TASK DETAILS: In the listing below, locate the line containing "2012 TOYOTA COROLLA" and the line containing "New collection CALVIN". Output both of them and every line between, exactly as written, and nothing more.

========================================

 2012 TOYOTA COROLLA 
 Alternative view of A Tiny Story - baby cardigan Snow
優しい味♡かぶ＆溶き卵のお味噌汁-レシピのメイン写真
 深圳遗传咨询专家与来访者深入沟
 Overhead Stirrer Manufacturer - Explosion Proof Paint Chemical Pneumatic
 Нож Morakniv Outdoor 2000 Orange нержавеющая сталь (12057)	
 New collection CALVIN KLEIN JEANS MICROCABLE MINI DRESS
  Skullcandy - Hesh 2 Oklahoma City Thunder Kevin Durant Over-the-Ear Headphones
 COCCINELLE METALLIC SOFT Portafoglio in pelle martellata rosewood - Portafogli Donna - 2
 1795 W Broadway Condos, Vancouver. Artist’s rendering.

========================================

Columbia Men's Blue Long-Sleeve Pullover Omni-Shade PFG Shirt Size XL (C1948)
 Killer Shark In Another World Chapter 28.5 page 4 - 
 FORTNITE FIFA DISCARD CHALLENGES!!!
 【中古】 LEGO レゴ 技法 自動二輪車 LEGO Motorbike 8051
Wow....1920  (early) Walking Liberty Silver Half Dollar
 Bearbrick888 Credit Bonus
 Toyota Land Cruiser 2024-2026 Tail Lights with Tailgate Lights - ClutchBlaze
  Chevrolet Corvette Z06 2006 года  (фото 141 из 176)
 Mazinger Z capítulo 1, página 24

========================================

WRITTEN ANSWER:
 2012 TOYOTA COROLLA 
 Alternative view of A Tiny Story - baby cardigan Snow
優しい味♡かぶ＆溶き卵のお味噌汁-レシピのメイン写真
 深圳遗传咨询专家与来访者深入沟
 Overhead Stirrer Manufacturer - Explosion Proof Paint Chemical Pneumatic
 Нож Morakniv Outdoor 2000 Orange нержавеющая сталь (12057)	
 New collection CALVIN KLEIN JEANS MICROCABLE MINI DRESS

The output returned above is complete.